Generally speaking, the only advantage to so-called mechanical keyboards is that springs age more consistently than rubber domes. That's it. Nothing to see here. If anyone claims that mechanical switches are more ergonomic, lighter, clicky, tactile or anything, I'm calling BS on that (and I don't mean buckling spring by BS), because there's a counterexample for any of that: Cherry MY, black Alps, weird Asian vintage switches, whatever. Sure, there's a variety of possible choices, but so is with rubber domes. I've used snappy RDs, super soft nearly linear RDs, smooth RDs, etc. Mechanical keyboards are more reliable? Bullcrap, look at those Asian $35 monstrosities with MX knock-offs.

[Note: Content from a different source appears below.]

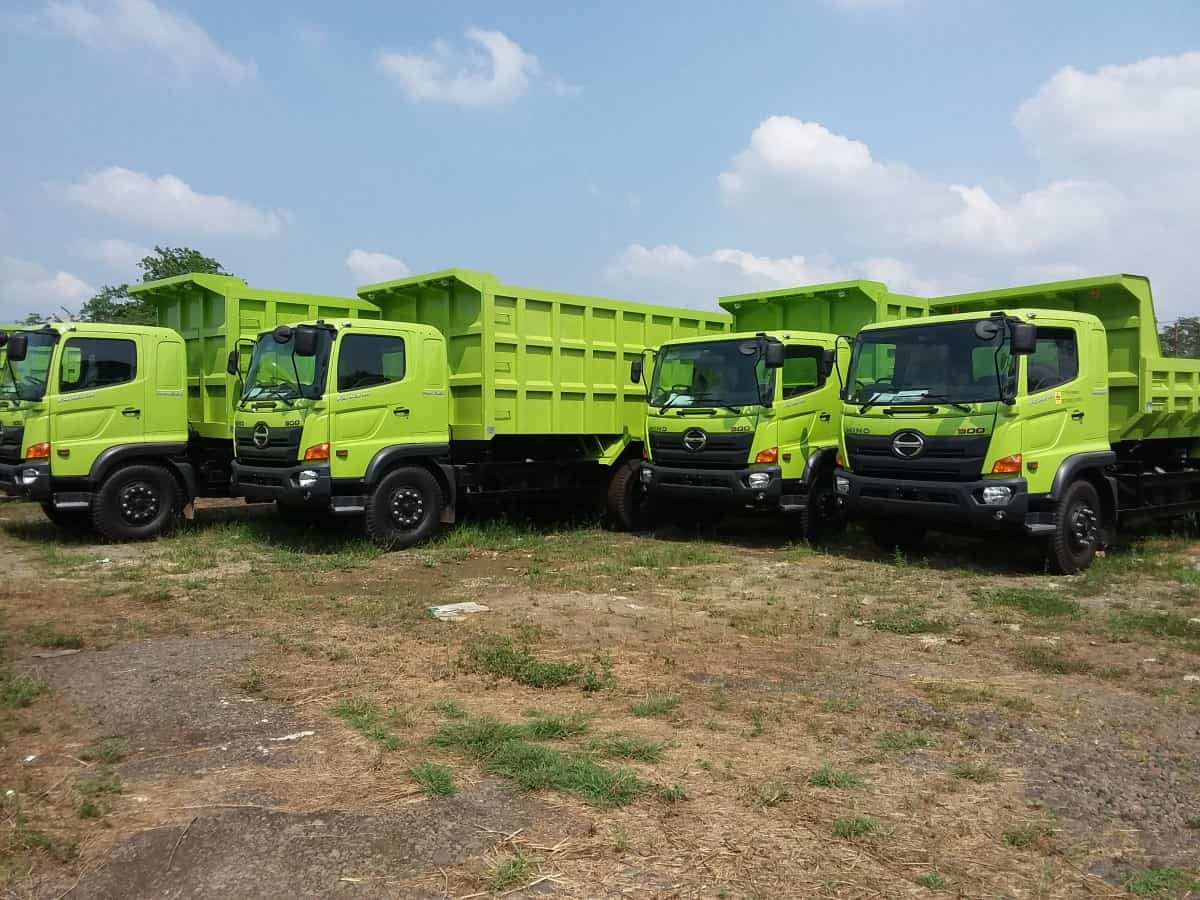 Dump Truck Hino Hijau Parkir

I use keyboards with all kinds of key mechanisms, including MX Red, MX Clear, various kinds of Alps, buckling spring and even plenty of rubber domes. It doesn't matter all that much. It's the whole package that makes a difference. For example, a Model M has buckling springs, right, but it's the combination of buckling springs, 2kg weight, IBM layout *and* a set of PBT dyesubs that makes it an Model M. What about, say, a typematrix? It has scissor switches! What an inferior design. Actually, it has a decent portable layout as well, which makes it unique. And so on.
One particular reason to pick Alps-/ML-/MX-compatible switches is that you can customize them for personalised experience, they're discrete (you can wire them in a custom keyboard with whatever (un)ergonomic shape you want) and they're widespread enough for a variety of aftermarket keycaps to exist (shapes, materials... and yes, colors).
My recommendation, pick a particular keyboard with distinctive features you want. Be it Filco MJ2 because of availability of fancy aftermarket parts, Model M for its specific experience, Maltron thanks to its shape, Matias Ergo Pro as the only modern staggered split mechanical keyboard with PBT keycaps (eventually), you name it. Or build your keyboard from scratch.